- [Task goal] Leave out the images and repeat every entry below exactly.

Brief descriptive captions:
Content starts
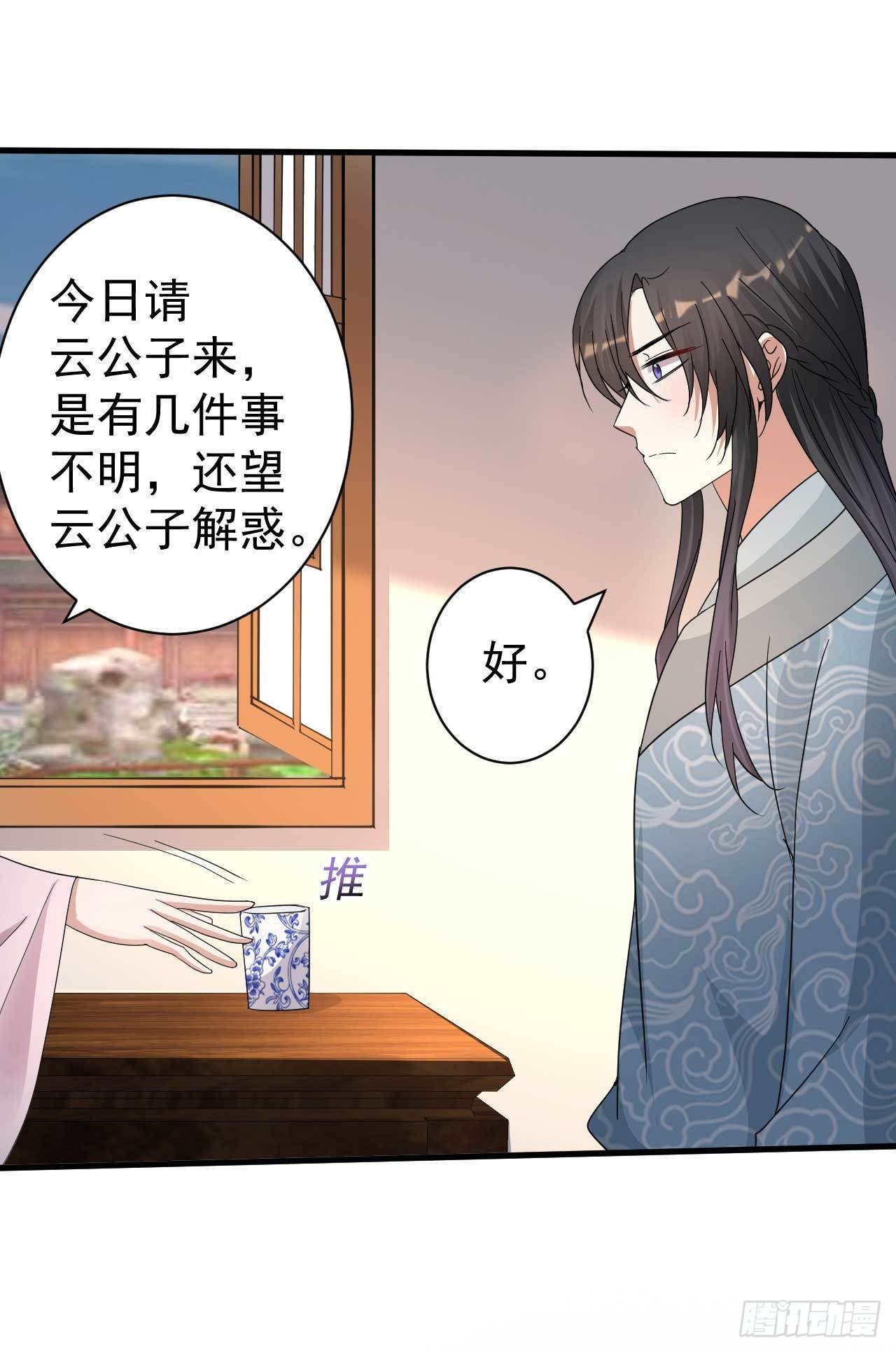 《下堂王妃逆袭记》第11话 无事献殷勤 第4页
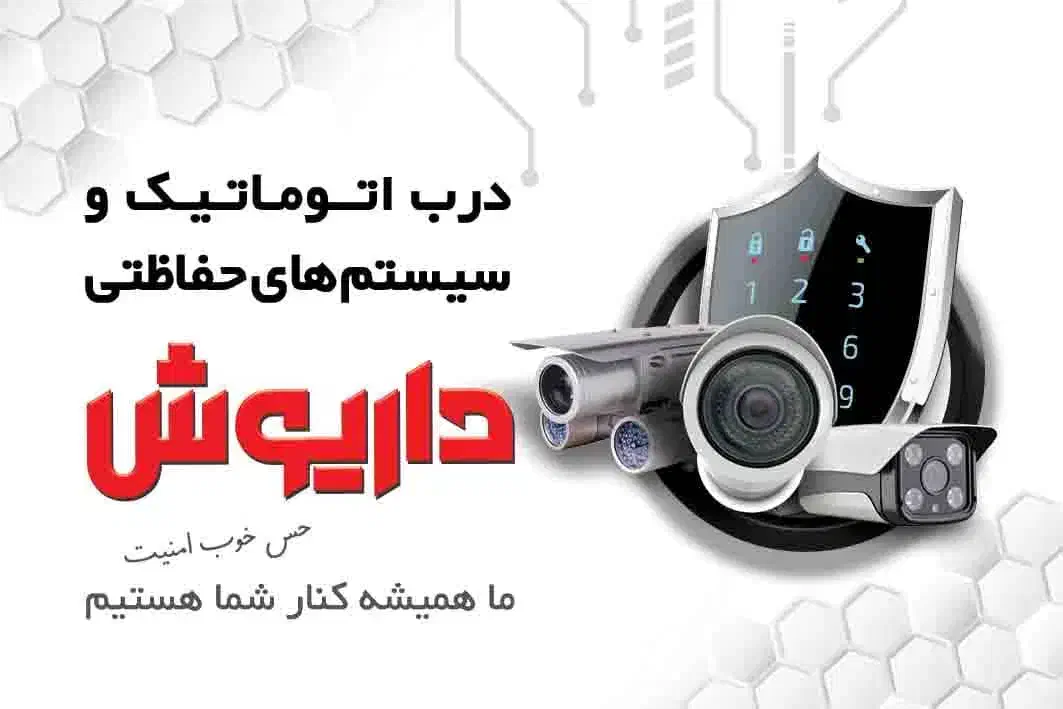 فروش اقساطی درب برقی  با شرایط ویژه|مصالح و تجهیزات ساختمان|شیراز, پودنک|دیوار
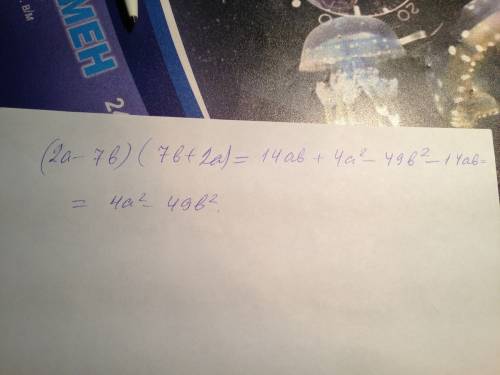Выполните умножение: (2а – 7в)(7в + 2а). : ) 13 пунктов! : )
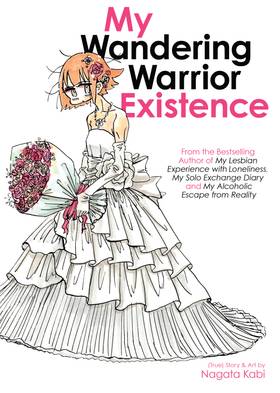 Read My Wandering Warrior Existence  1 Page 1 in English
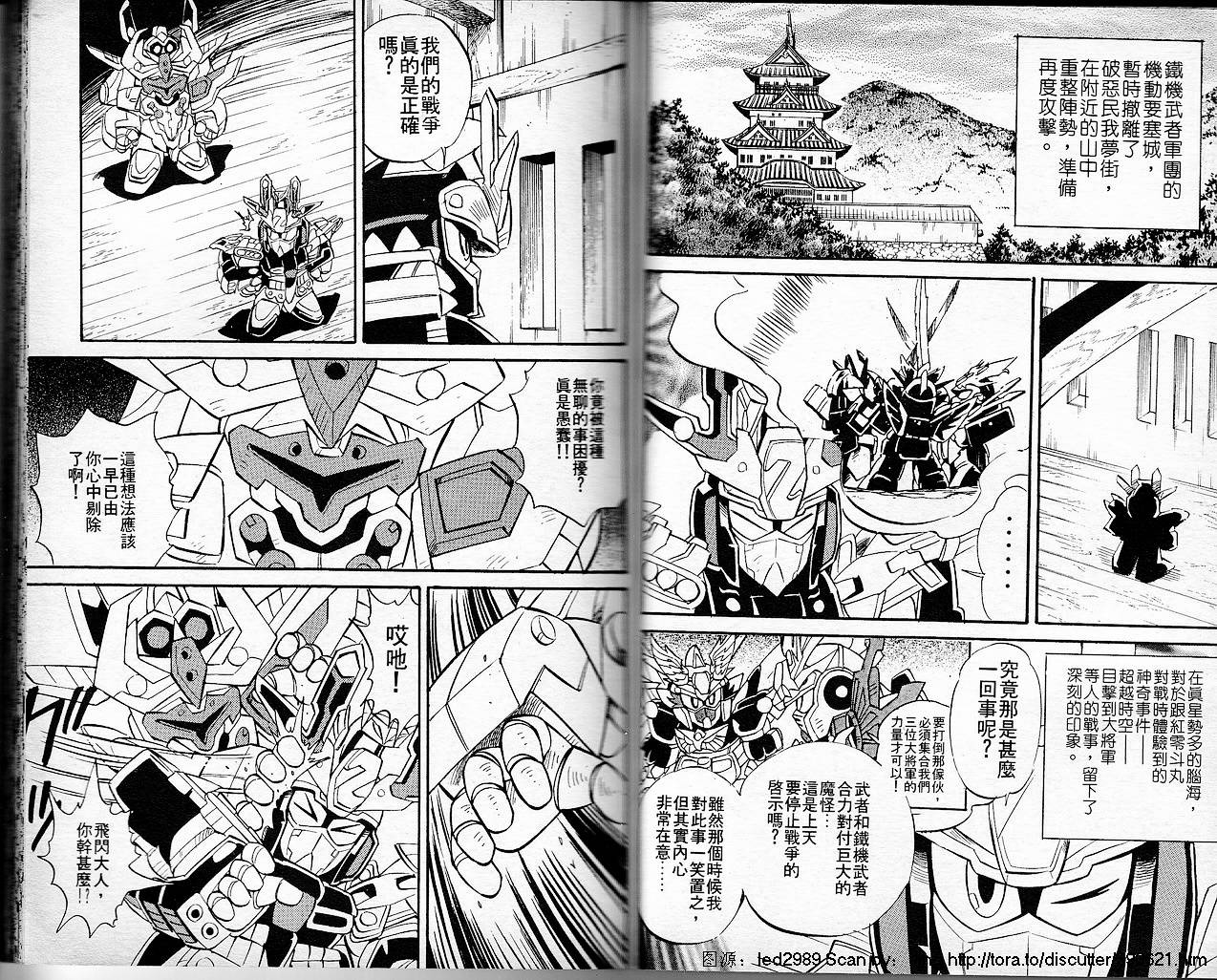 超武者高达-刀霸大将军韩漫全集-VOL01无删减无遮挡章节图片 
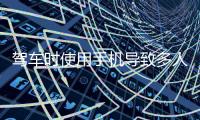 驾车时使用手机导致多人伤亡	
，近期发生多起！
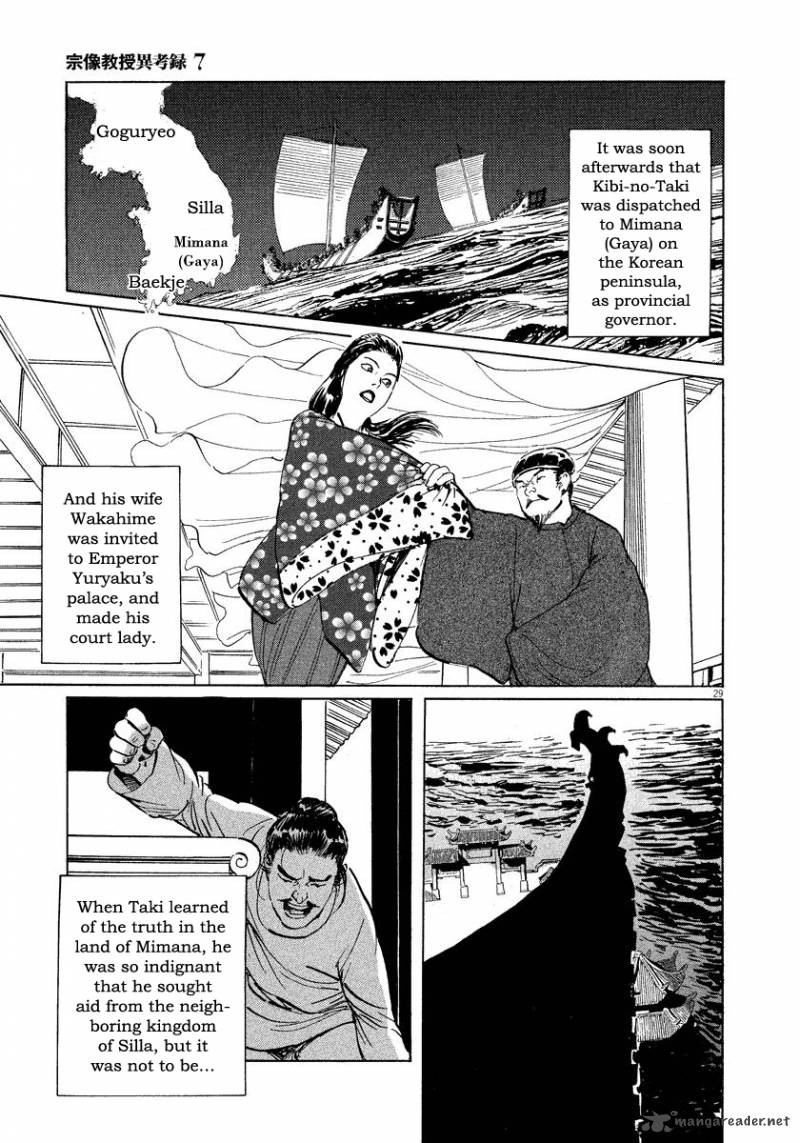 Munakata Kyouju Ikouroku Chapter 22 Page 29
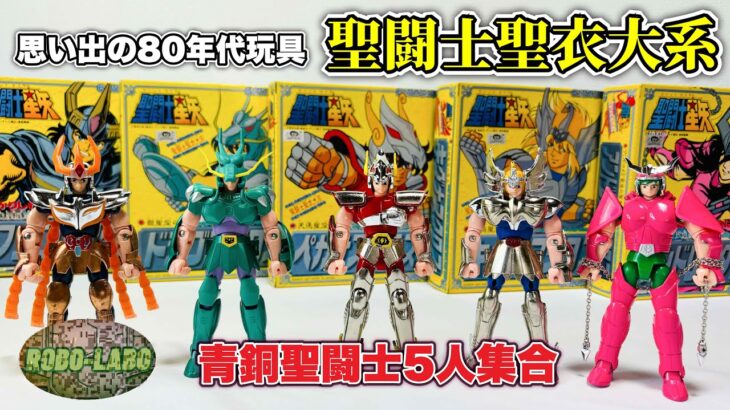 これが80年代のクロス玩具だ❗️聖闘士聖衣大系「青銅5人」いっぺんに遊ぶ⭐️ 聖闘士星矢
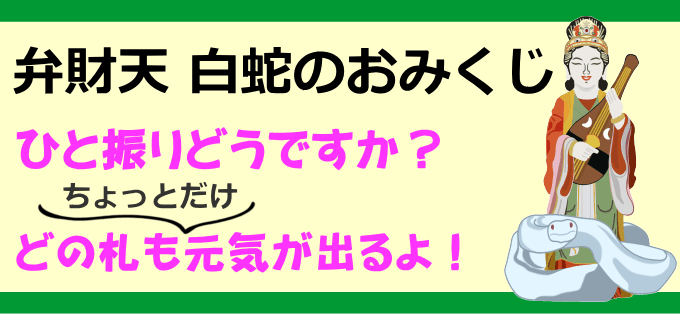 弁財天白蛇のおみくじ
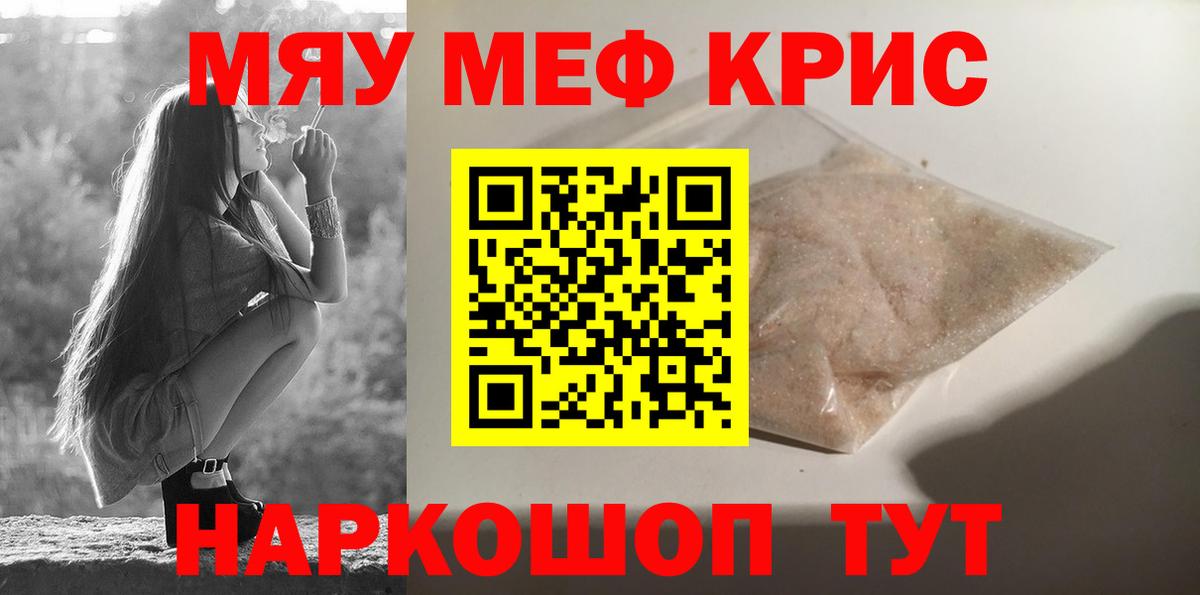 Меф мяу мяу Миасс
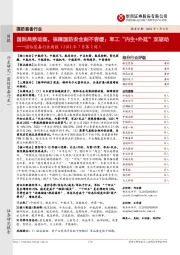 国防装备行业周报（2022年7月第2周）：国际局势动荡，保障国防安全刻不容缓；军工“内生+外延”双驱动
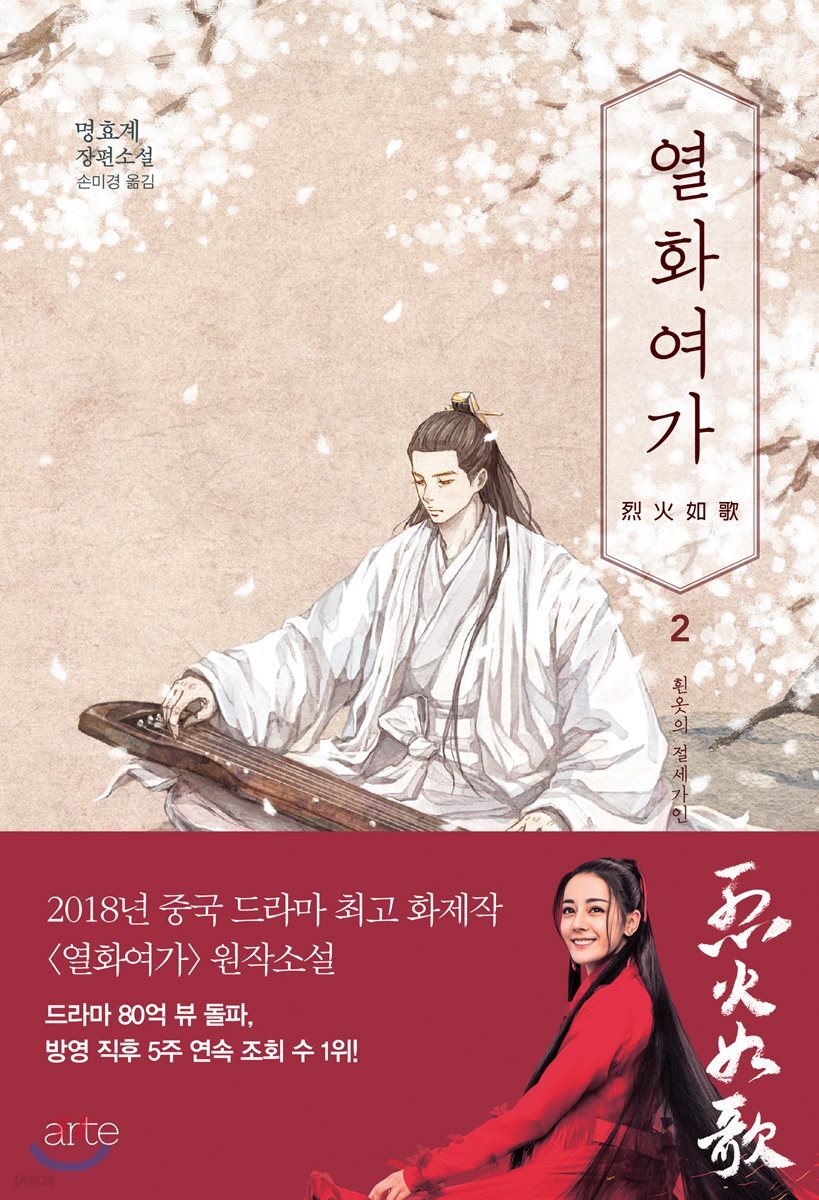 열화여가2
Content ends
- [Reply to the task]
 《下堂王妃逆袭记》第11话 无事献殷勤 第4页
 فروش اقساطی درب برقی  با شرایط ویژه|مصالح و تجهیزات ساختمان|شیراز, پودنک|دیوار
Выполните умножение: (2а – 7в)(7в + 2а). : ) 13 пунктов! : )
 Read My Wandering Warrior Existence  1 Page 1 in English
 超武者高达-刀霸大将军韩漫全集-VOL01无删减无遮挡章节图片 
 驾车时使用手机导致多人伤亡	
，近期发生多起！
 Munakata Kyouju Ikouroku Chapter 22 Page 29
 これが80年代のクロス玩具だ❗️聖闘士聖衣大系「青銅5人」いっぺんに遊ぶ⭐️ 聖闘士星矢
 弁財天白蛇のおみくじ
 Меф мяу мяу Миасс
 国防装备行业周报（2022年7月第2周）：国际局势动荡，保障国防安全刻不容缓；军工“内生+外延”双驱动
 열화여가2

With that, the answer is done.